On Wed, 2009-10-14 at 15:09 -0700, Alexandros Batsakis wrote:
> On Wed, Oct 14, 2009 at 2:57 PM, Trond Myklebust
> <[email protected]> wrote:
> > On Wed, 2009-10-14 at 17:53 -0400, Trond Myklebust wrote:
> >> On Wed, 2009-10-14 at 14:50 -0700, Alexandros Batsakis wrote:
> >> > a) nfs41_sequence_done() called after destroy_session() that leads to
> >> > a NULL pointer dereference
> >> > b) a BADSESSION reply to a sequence operation triggers a
> >> > reset_session() at the same time with destroy_session() (called by
> >> > umount) that leads to another NULL pointer dereference.
> >>
> >> This would mean that nfs41_sequence_done is being called _after_ the
> >> nfs_client (and hence the session) has been destroyed.
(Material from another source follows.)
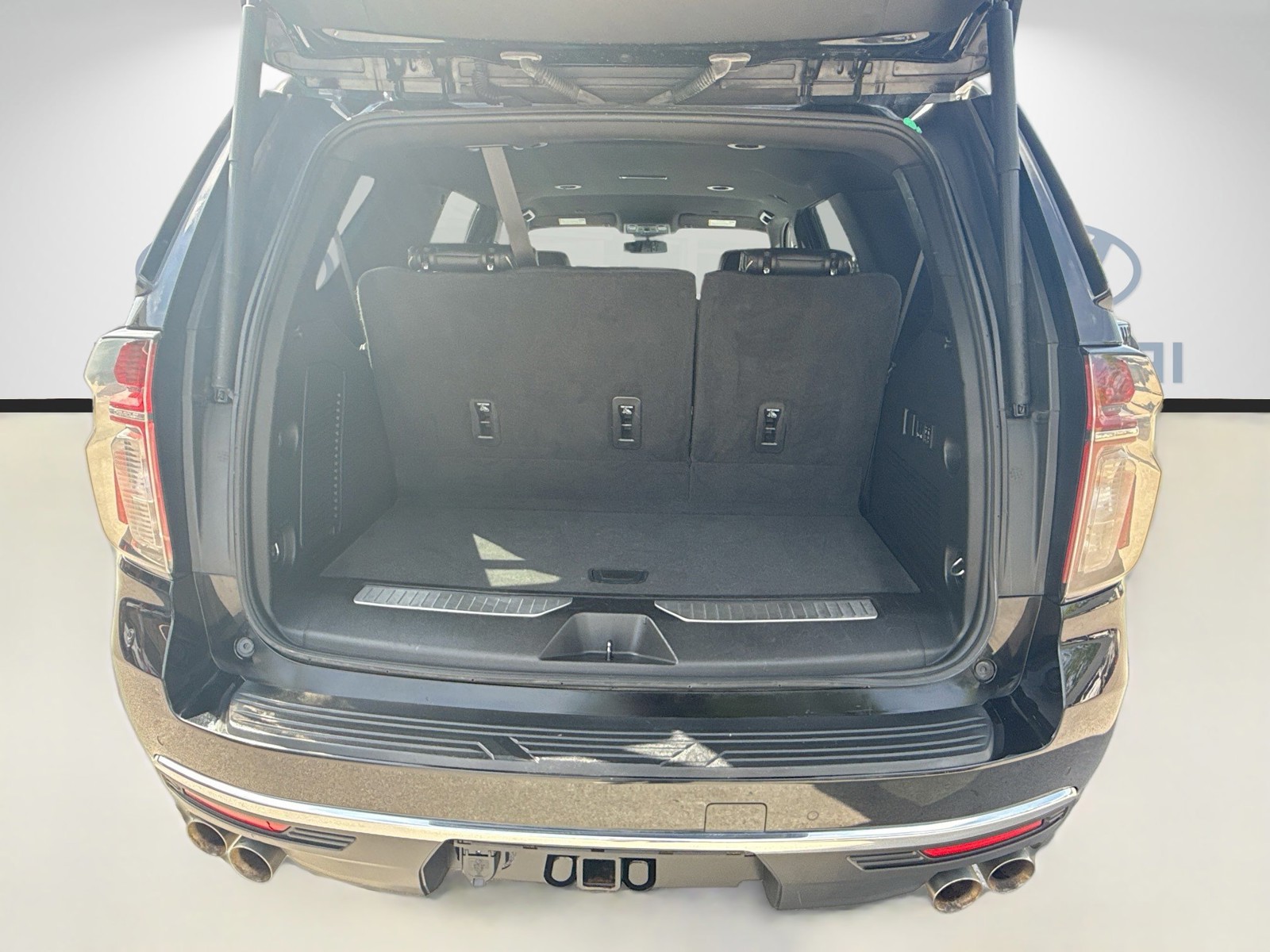 Used 2023 Black Chevrolet Premier image 24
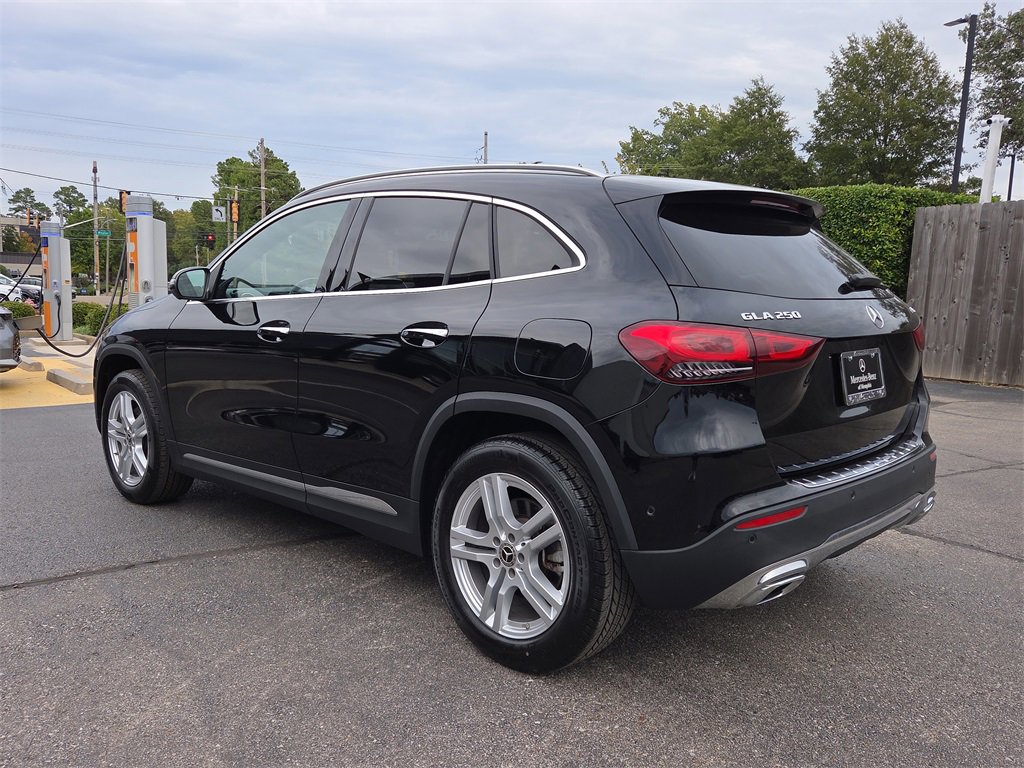 Certified 2023 Mercedes-Benz GLA 250 4MATIC w/ Premium Package image 3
That sounds like
> >> the real bug that needs to be fixed.
> >
> > Correction: it means that nfs41_sequence_done is being called after the
> > superblock that "owns" those rpc calls has been destroyed. (Which is a
> > bug... :-))
> >
>
> Agreed. FWIW and from a conceptual point of view, the patch above is a
> bit orthogonal to that as it deals with the problem within the session
> scope. It treats the umount just as a session destroyer that happens
> to always destroy the super-block in the current
> one-session-per-client implementation. The latter may change, but the
> patch will remain relevant (obviously with few adjustments).

I completely disagree. If your code may end up starting the state
manager after the nfs_client is destroyed, then you _will_ corrupt
significant swathes of memory.

> Anyway, as long as we fix the bug I am happy :)

I don't think you have...

Trond